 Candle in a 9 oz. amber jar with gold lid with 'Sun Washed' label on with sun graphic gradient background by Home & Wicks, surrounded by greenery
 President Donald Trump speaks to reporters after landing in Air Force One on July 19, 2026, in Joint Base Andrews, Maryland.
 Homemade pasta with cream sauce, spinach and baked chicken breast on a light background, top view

---

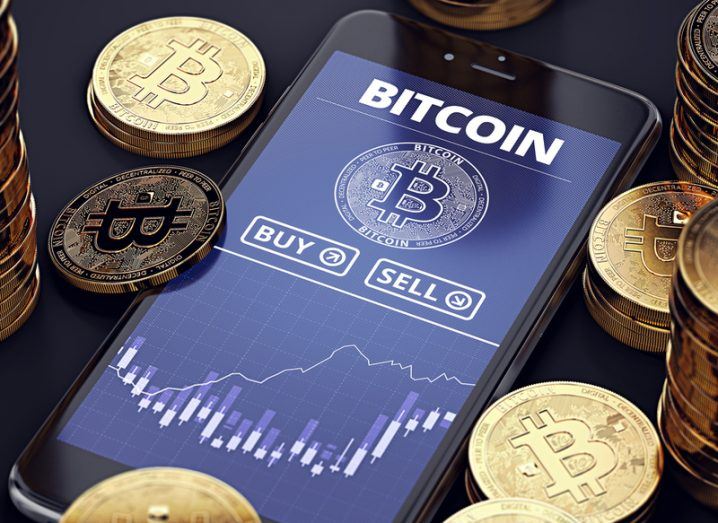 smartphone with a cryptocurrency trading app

---

- **Goal of the exercise**:
Every line in the entries above that mentions the word "background" must be shown.

- **Finished task**:
 Candle in a 9 oz. amber jar with gold lid with 'Sun Washed' label on with sun graphic gradient background by Home & Wicks, surrounded by greenery
 Homemade pasta with cream sauce, spinach and baked chicken breast on a light background, top view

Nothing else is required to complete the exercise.